■ What needs to be done: Using the listing below, output only the lines from the one that contains "Cute Funny Sloth Happy Birthday Canvas Print" through the one that contains "Load image into", inclusive, exactly as given and without images.

■ Data to use:
-.-.-

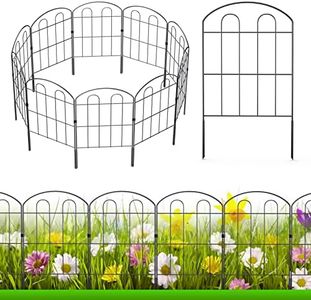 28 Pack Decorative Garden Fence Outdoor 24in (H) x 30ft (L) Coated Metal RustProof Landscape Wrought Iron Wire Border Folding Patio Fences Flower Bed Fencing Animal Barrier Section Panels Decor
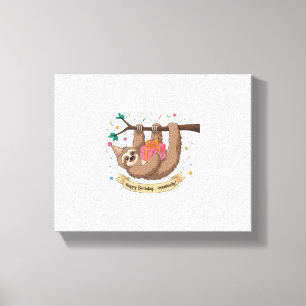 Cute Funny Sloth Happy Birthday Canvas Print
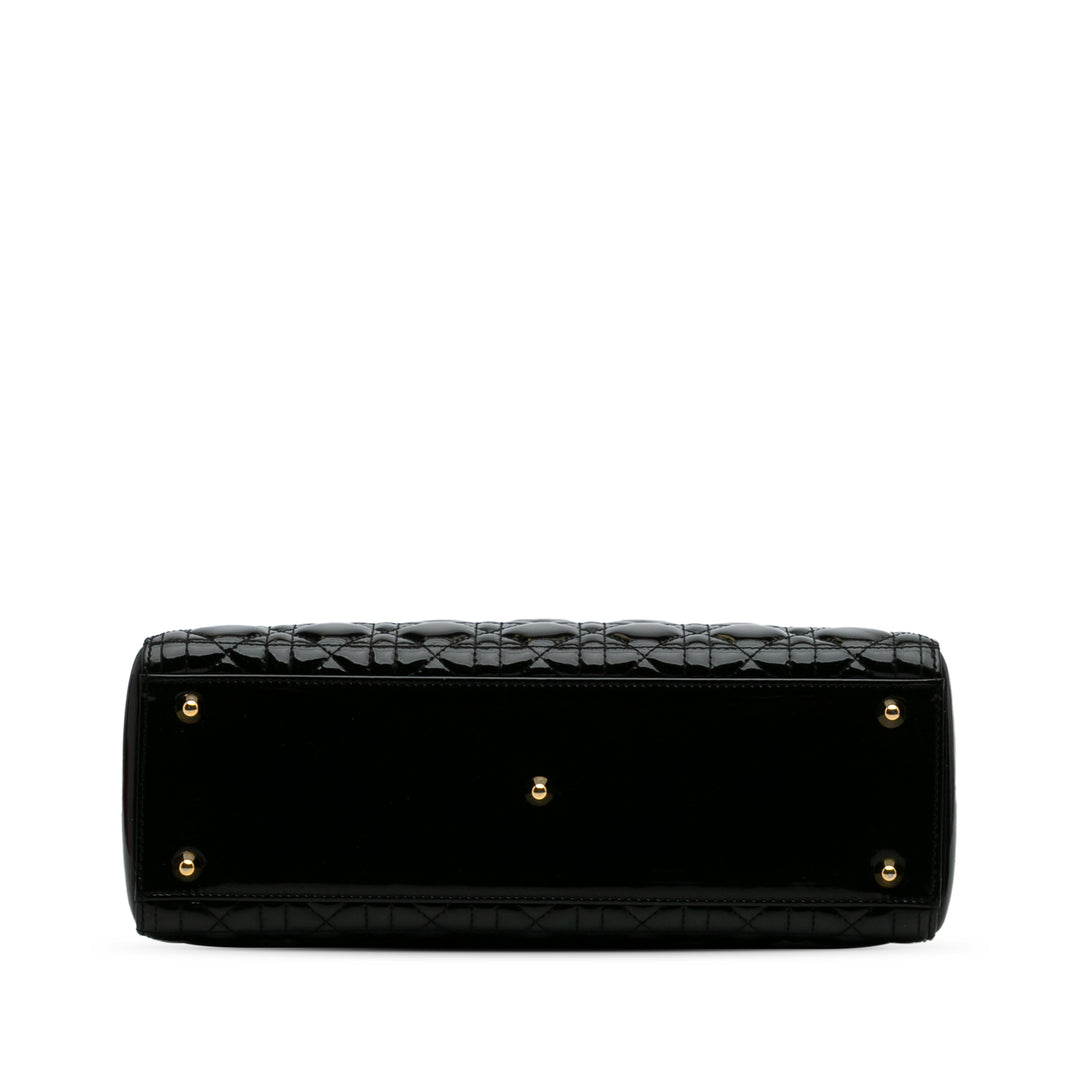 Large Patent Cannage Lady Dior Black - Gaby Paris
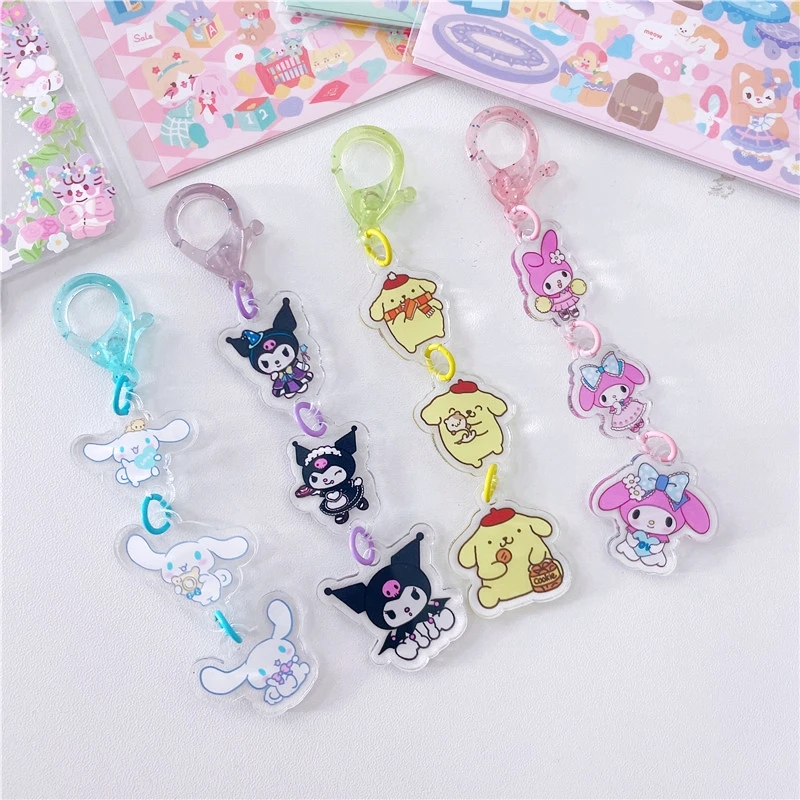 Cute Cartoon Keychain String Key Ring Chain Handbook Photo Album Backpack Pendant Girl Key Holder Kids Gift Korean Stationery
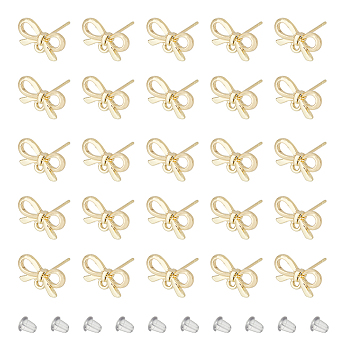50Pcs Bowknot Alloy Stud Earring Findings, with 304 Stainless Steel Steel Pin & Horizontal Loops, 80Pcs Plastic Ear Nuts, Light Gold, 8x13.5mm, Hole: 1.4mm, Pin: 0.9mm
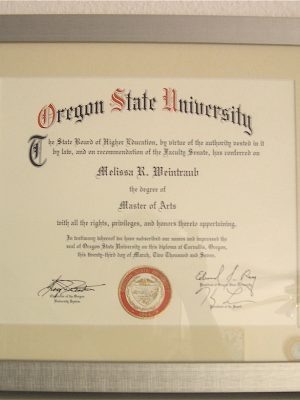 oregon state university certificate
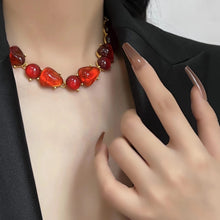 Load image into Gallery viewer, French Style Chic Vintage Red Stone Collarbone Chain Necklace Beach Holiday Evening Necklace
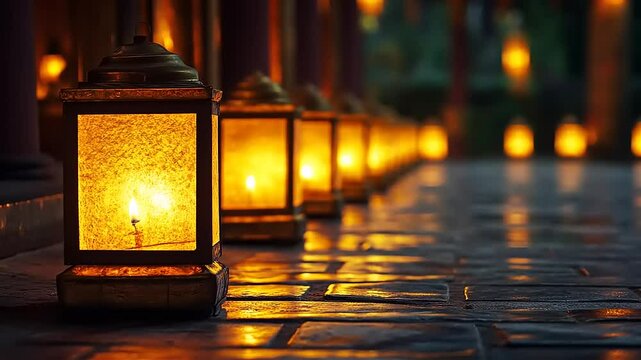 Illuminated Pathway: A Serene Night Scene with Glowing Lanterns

-.-.-

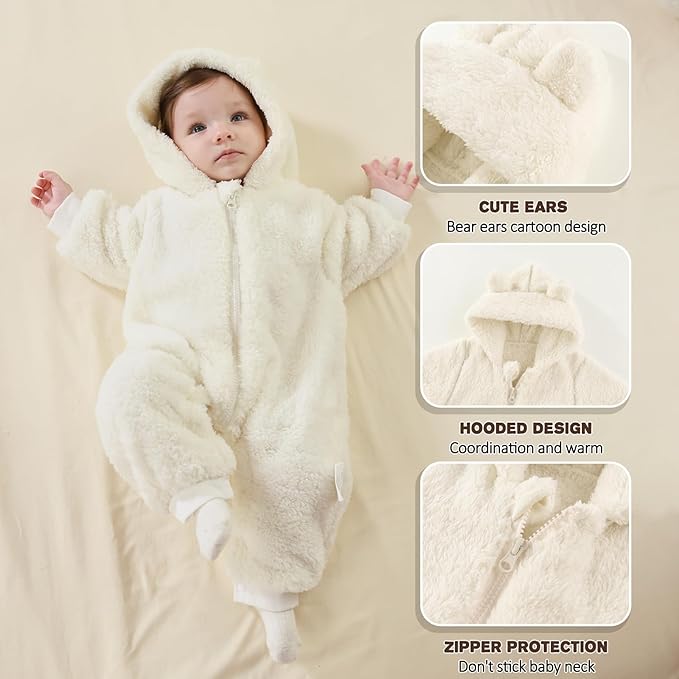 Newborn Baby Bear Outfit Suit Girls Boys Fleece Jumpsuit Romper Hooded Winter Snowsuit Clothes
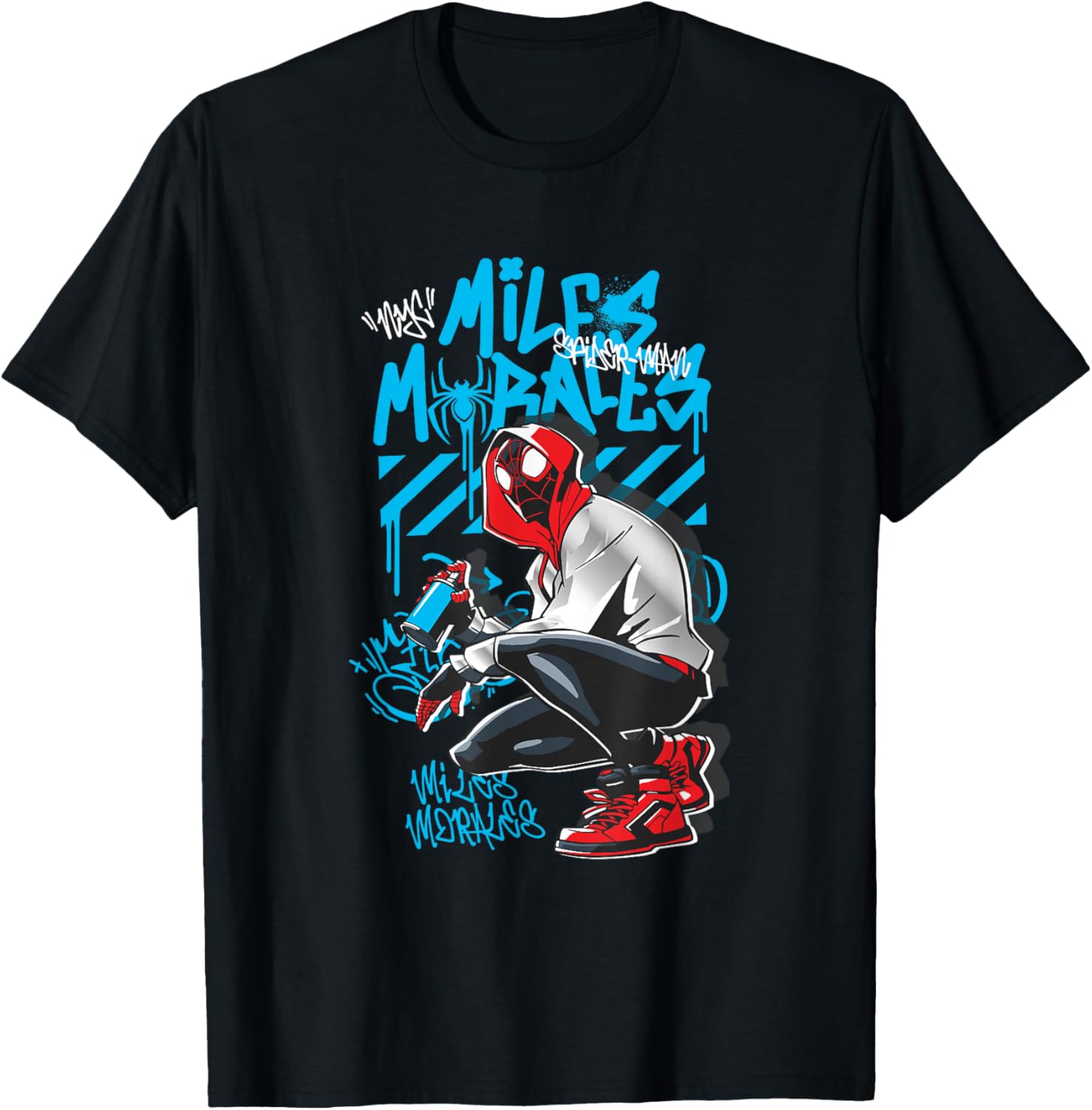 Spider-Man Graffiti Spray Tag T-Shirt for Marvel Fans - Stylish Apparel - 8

-.-.-

■ Output of the exercise:
 Cute Funny Sloth Happy Birthday Canvas Print
 Large Patent Cannage Lady Dior Black - Gaby Paris
 Cute Cartoon Keychain String Key Ring Chain Handbook Photo Album Backpack Pendant Girl Key Holder Kids Gift Korean Stationery
50Pcs Bowknot Alloy Stud Earring Findings, with 304 Stainless Steel Steel Pin & Horizontal Loops, 80Pcs Plastic Ear Nuts, Light Gold, 8x13.5mm, Hole: 1.4mm, Pin: 0.9mm
 oregon state university certificate
 Load image into Gallery viewer, French Style Chic Vintage Red Stone Collarbone Chain Necklace Beach Holiday Evening Necklace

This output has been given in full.